Whilst needing medical confirmation of need is surely mandatory, IMHO the doctor 'advising' the pilot is a recipe for unacceptable risk. Doctors are not qualified to assess the risk of a mission. They are only qualified to decide or estimate on the medical condition of the patient. So a doctor can decide whether the cost is justified, whether the organisation's protocols are met medically, and whether the medical risk of a transfer is justified - every transfer has a defined risk of death and morbidity even in CAVOK conditions twin pilot IFR equipped.

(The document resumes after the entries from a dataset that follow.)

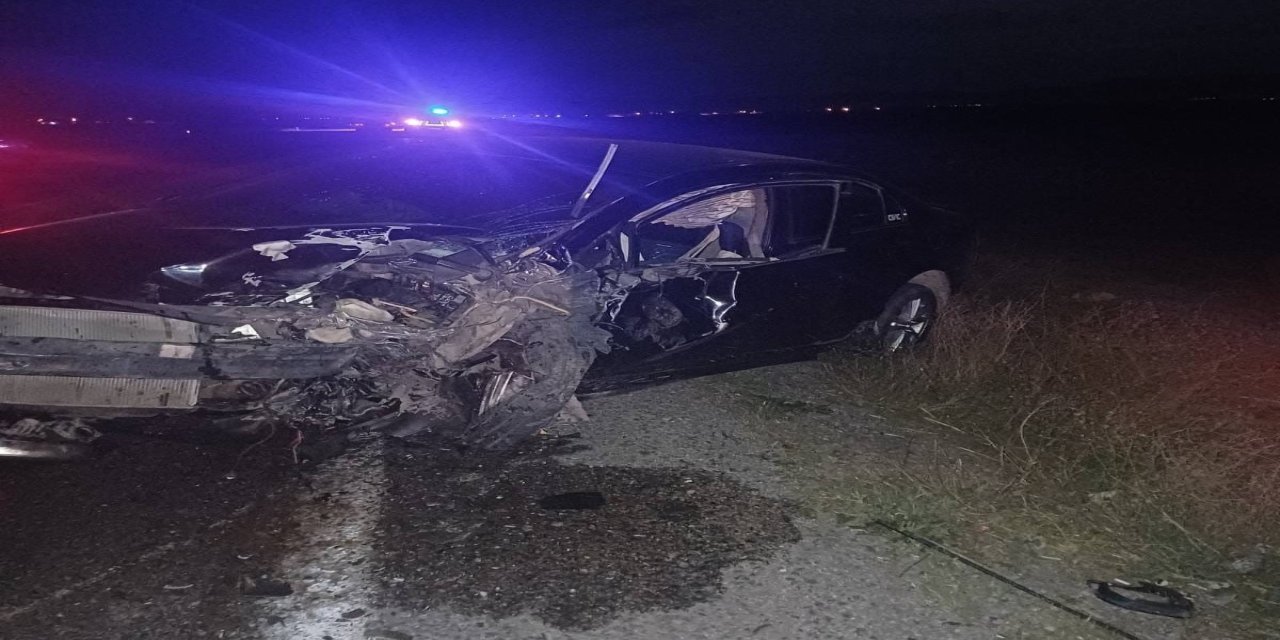 Afyonkarahisar'da trafik kazası: 1 ölü, 8 yaralı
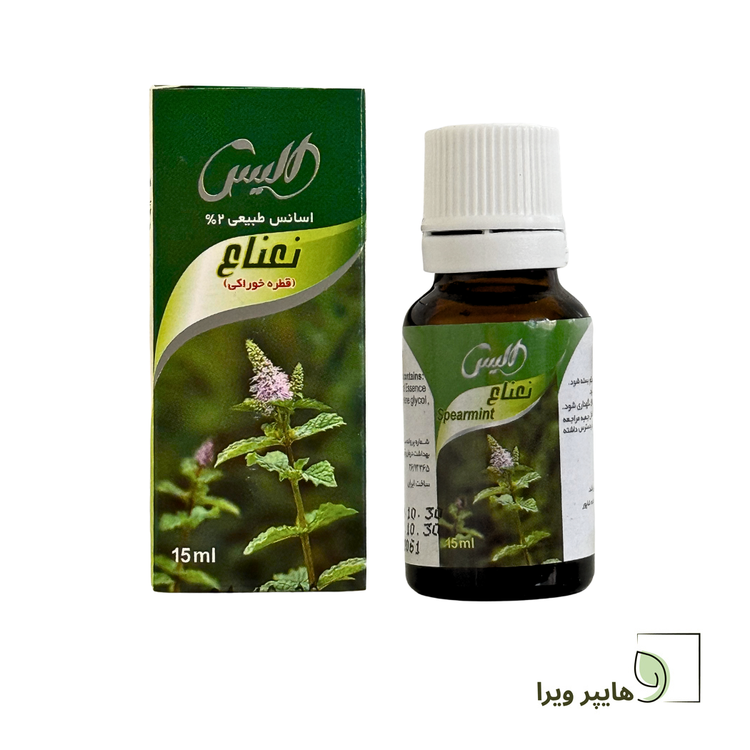 قطره خوراکی نعناع الیس
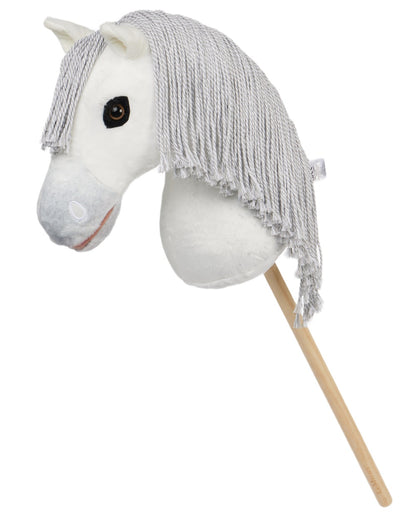Coco coloured LeMieux Hobby Horse Coco on white background 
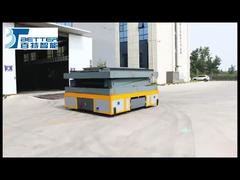Lift and Move Together | Trackless Transfer Cart Intelligent Lift and Transfer System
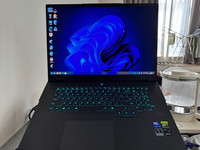 2025 뉴 썬더 제로 18PRO 코어 인텔 울트라9-275HX 24GB 램 240Hz 디스플레이 RTX5070TI/5080/5090 하이엔드 게이밍 노트북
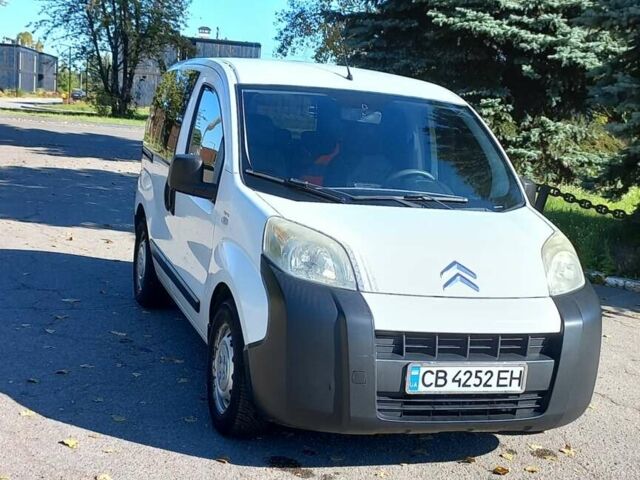 Белый Ситроен Nemo, объемом двигателя 1.2 л и пробегом 181 тыс. км за 4500 $, фото 1 на Automoto.ua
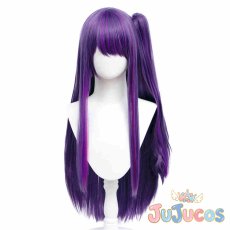 画像2: 星野アイ　コスプレウィッグ　推しの子　コスプレ鬘　JUJUcosplay (2)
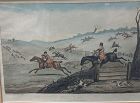 Nineteenth Century equestrian print By Henry Alkin 1785-1851
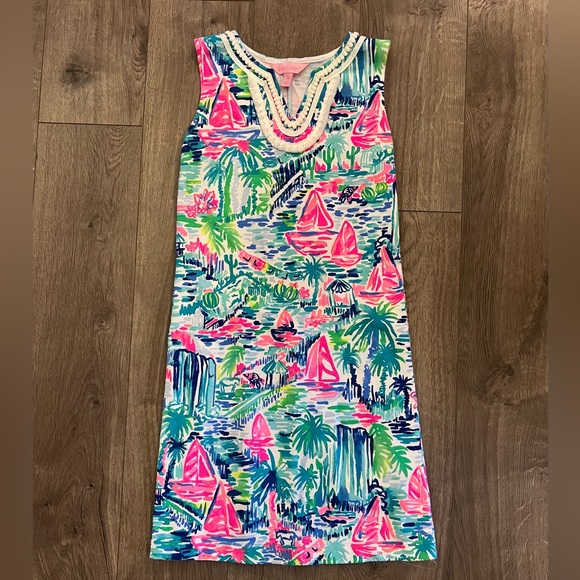 Lilly Pulitzer Girls Dress - Picture 1 of 1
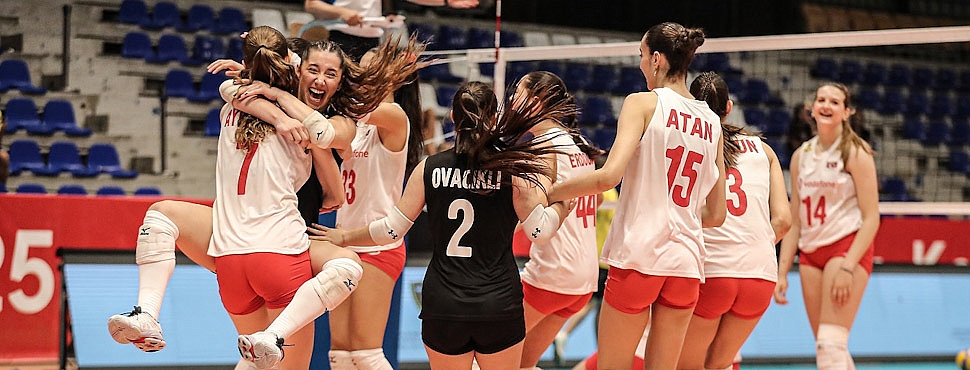 U16 Kız Milli Takımımız Avrupa Şampiyonasında Finalde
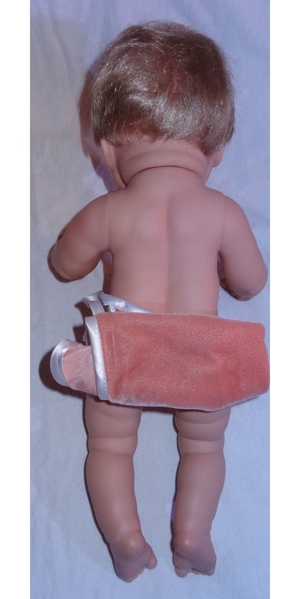DL Berenguer JC Toys Puppe Babypuppe Mädchen 43cm Silikonpuppe unbespielt einwandfrei erhalten Bild 10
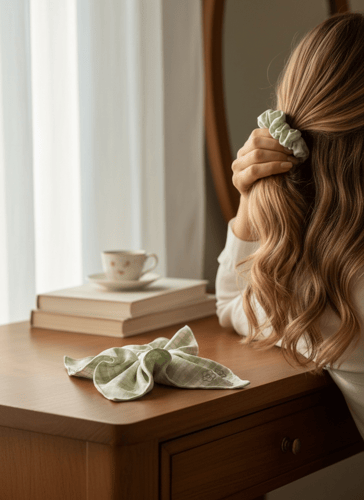 ربطات شعر مميزه وفريده من نوعها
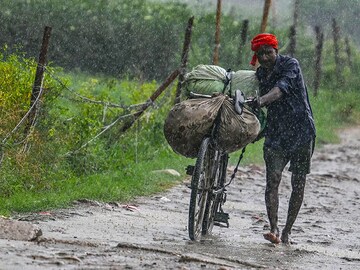 Rain Watch for July 18-24: Disparity between regions widens, deficit in east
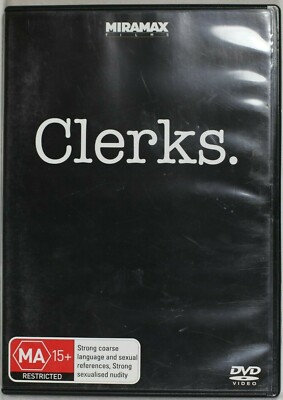 Clerks (1994) Brian O'Halloran - Region 4 - Preowned - Tracking (D3)
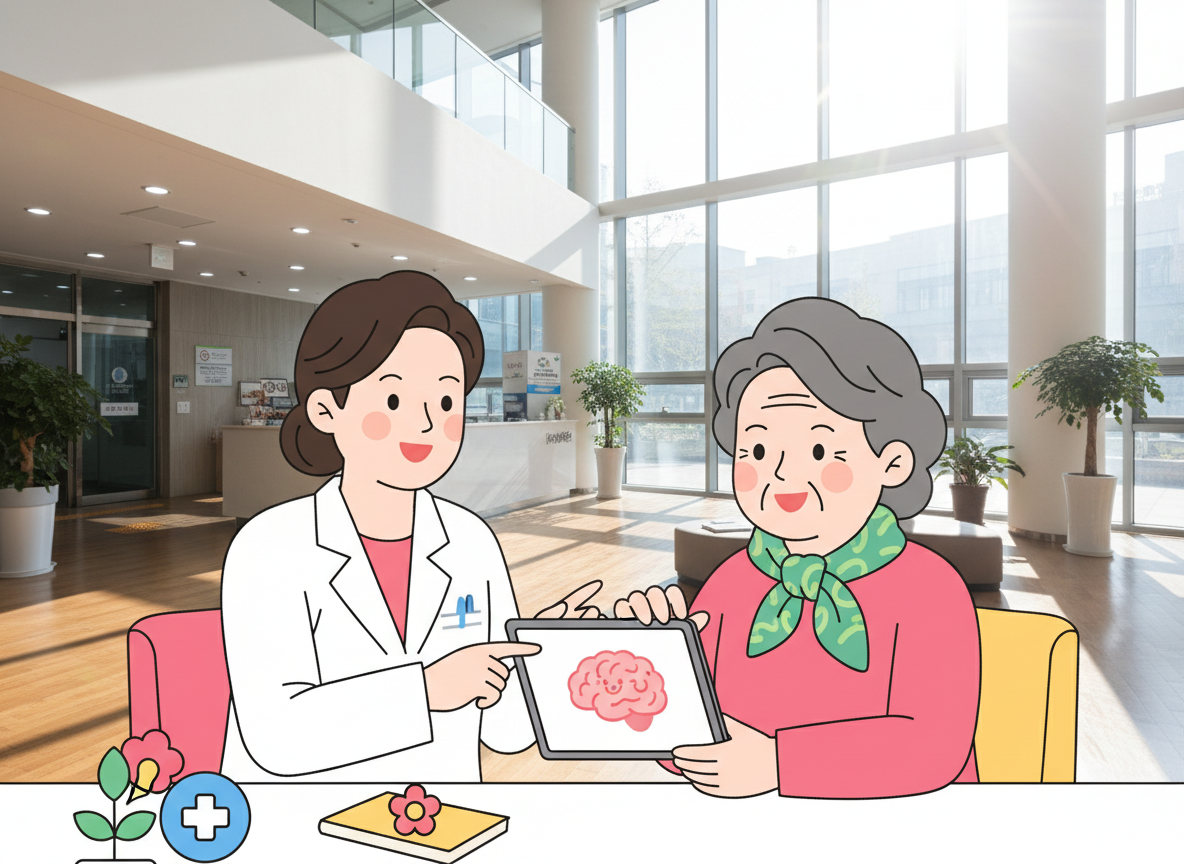 치매검사비 지원 치매안심센터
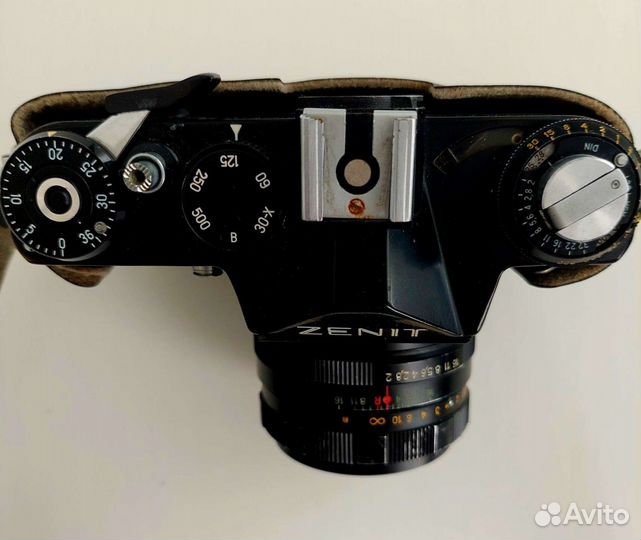 Фотоаппарат зенит 11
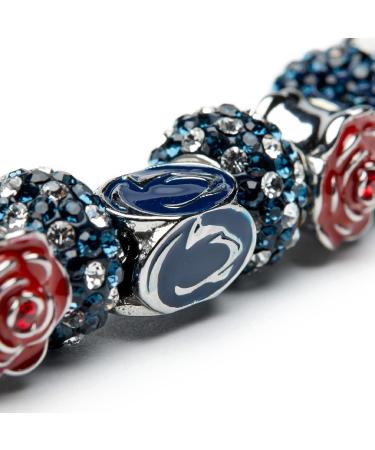 Penn State University Charm for Women | Navy Lion Logo Bead Charm | Nittany Lions Jewelry | Perfect Gift for Fans, Students, Alumni - Buy Online on GoSupps.com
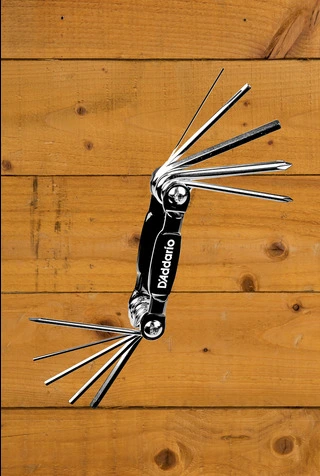 D'Addario PW-GBMT-01 Guitar & Bass Multi-Tool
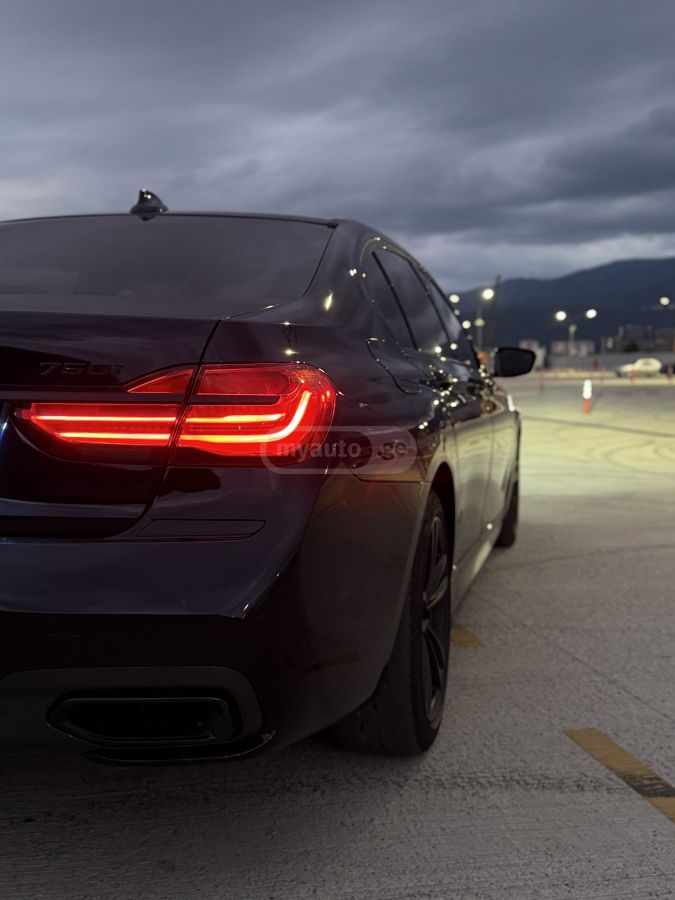 BMW 750 - фото 14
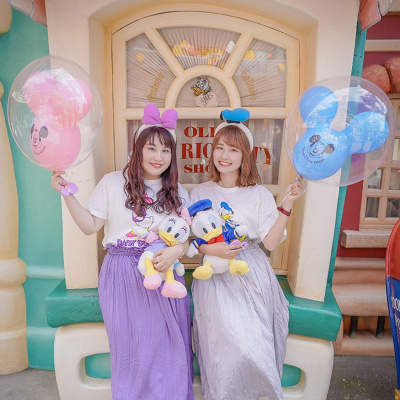 ドナルド デイジーコーデ キャステル Castel ディズニー情報 ドナルド デイジーコーデ キャステル Castel ディズニー情報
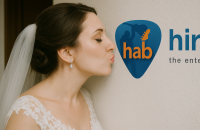 Bride Kissing HAB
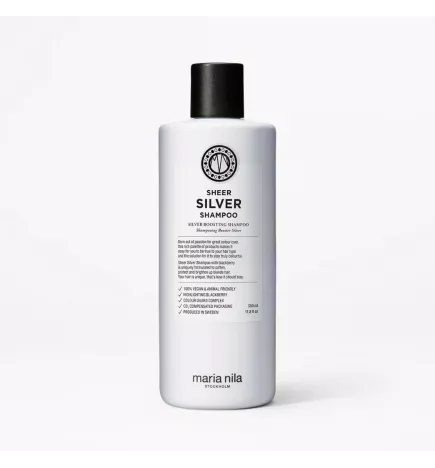 MARIA NILA - Sheer Silver Shampoo (350ml) Shampoo anti giallo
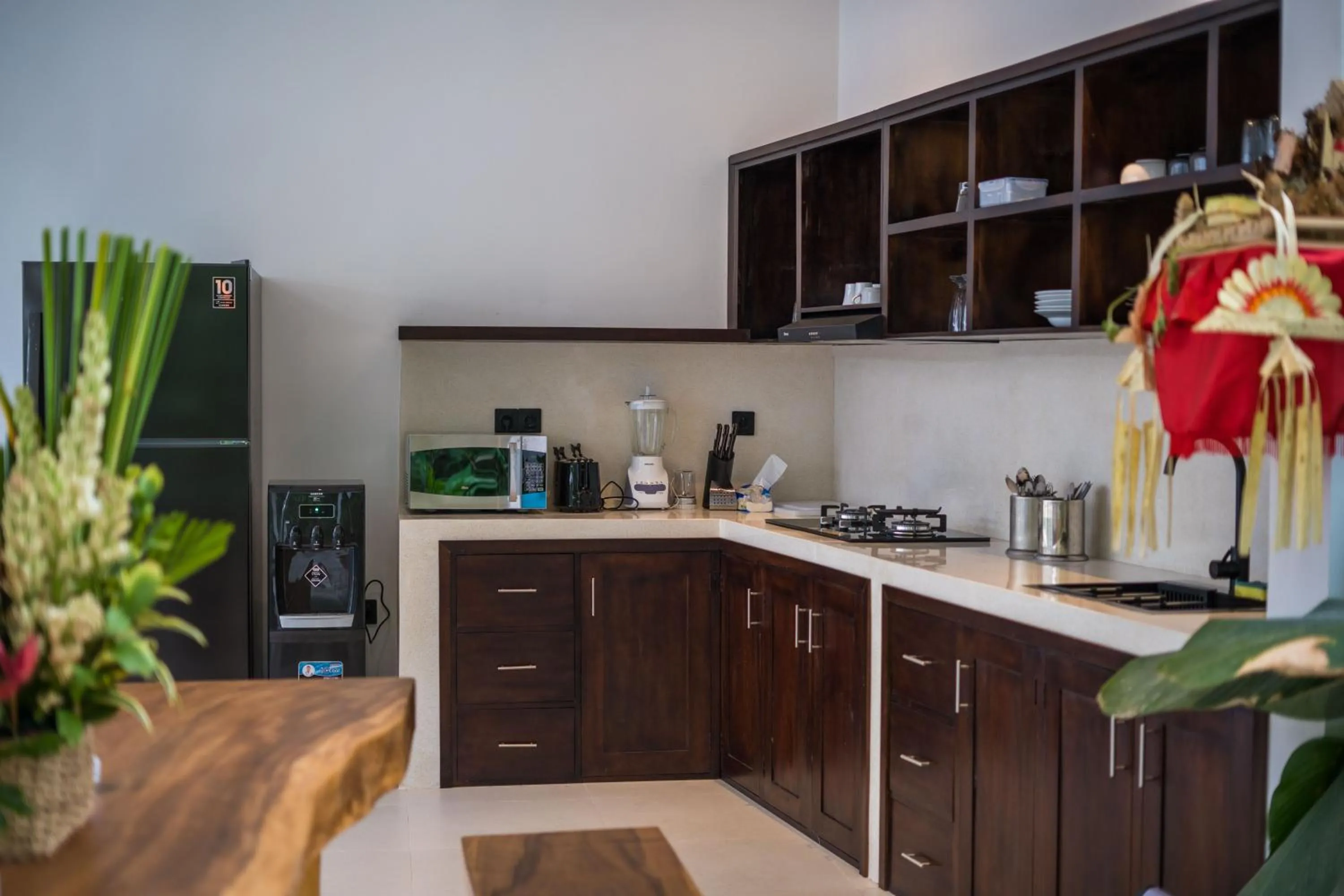 Kitchen or kitchenette in Tegal Wangi Canggu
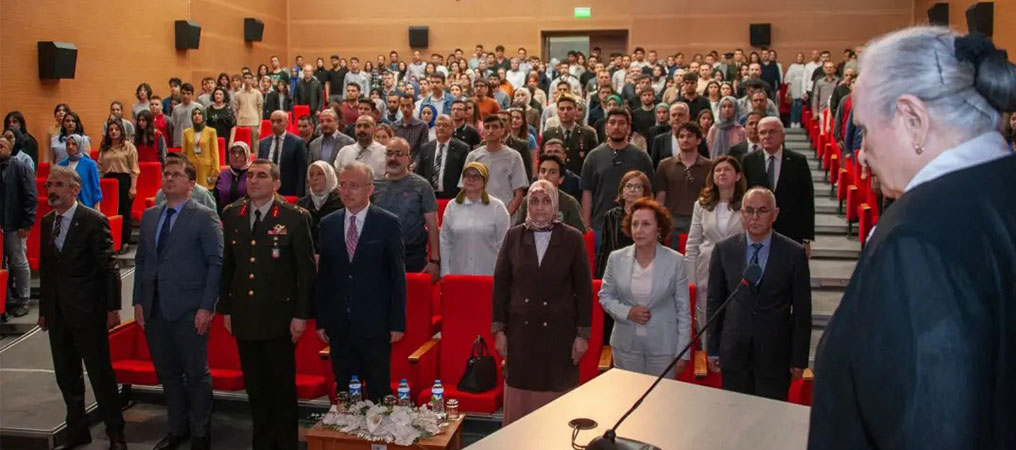 EBYÜ’de “Kazım Karabekir Paşa” Konferansı Verildi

Only the pilot can decide whether the mission is within acceptable limits. Those limits may be different for a military mission than a civilian one, but that is an aviation decision not a medical one

The only safe operational tasking is to have a Chinese wall between the medical and aviation decision whereby each decides on go/no go independently. You then launch only if you have two goes. If you allow doctor and pilot to discuss you inevitably put pressure on both. We did this in Dallas in the 1980s, launching into what I now know to be unacceptable conditions because the patient was a child, because the patient would likely die without us. Often the pilot said no, then asked about the casualty and said yes......Back in the UK we operated a Chinese wall. We lost missions and I dare say patients suffered, but we didnt put a crew of three let alone people on the ground at risk for one patient.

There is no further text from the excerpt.